-- Input material follows --

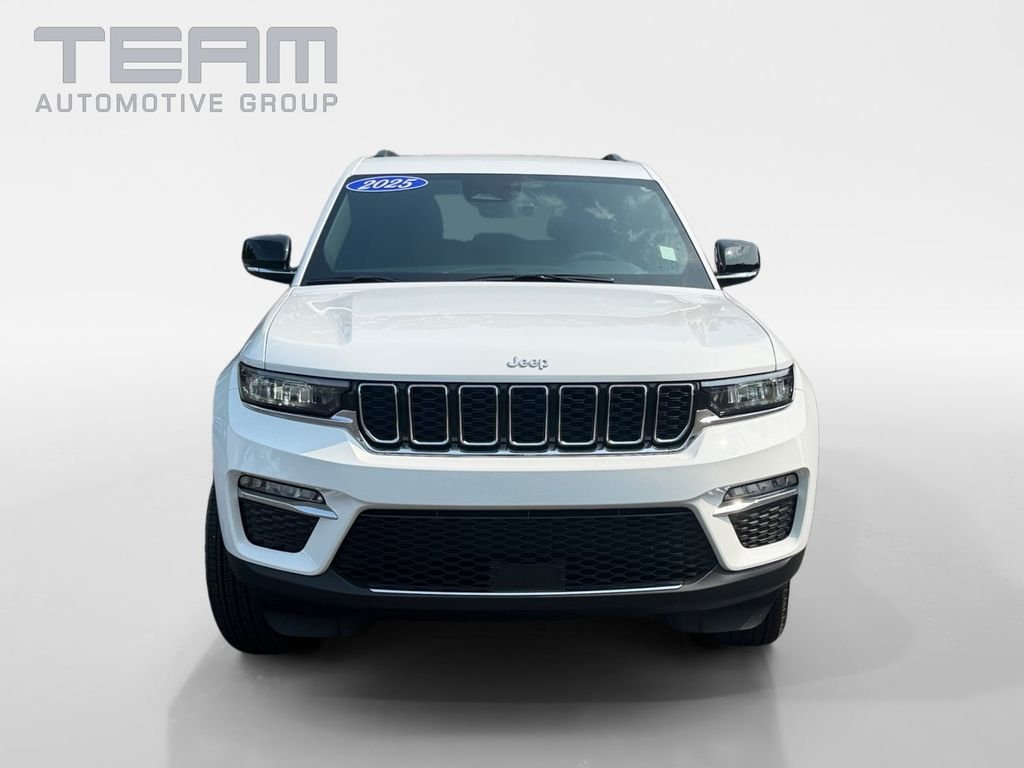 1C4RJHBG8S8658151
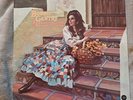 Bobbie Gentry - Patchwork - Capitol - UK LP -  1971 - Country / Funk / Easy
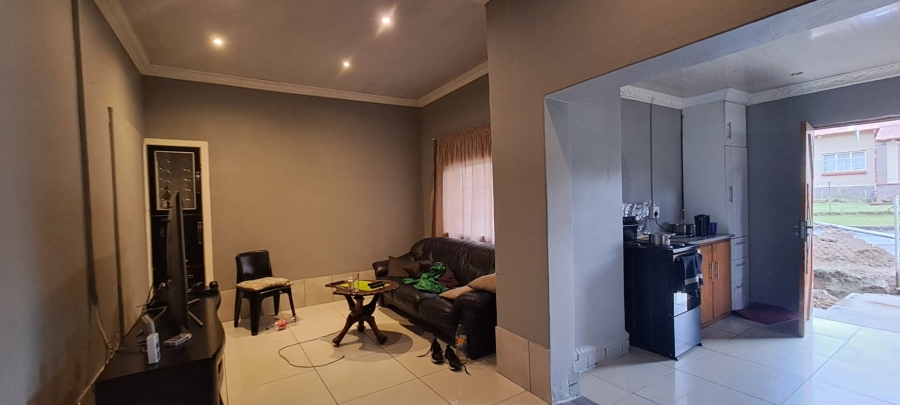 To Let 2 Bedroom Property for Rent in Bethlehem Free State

-- Input material concluded --
-- Input material follows --

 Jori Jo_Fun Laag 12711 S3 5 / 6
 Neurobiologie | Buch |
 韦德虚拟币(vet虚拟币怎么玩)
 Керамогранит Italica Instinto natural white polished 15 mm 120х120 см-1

-- Input material concluded --

Everything from the line above that contains "1C4RJHBG8S8658151" down to the line that contains "To Let 2 Bedroom" must be reproduced exactly, both ends included. Omit the pictures.

#### [Solution to this problem]
 1C4RJHBG8S8658151
 Bobbie Gentry - Patchwork - Capitol - UK LP -  1971 - Country / Funk / Easy
 To Let 2 Bedroom Property for Rent in Bethlehem Free State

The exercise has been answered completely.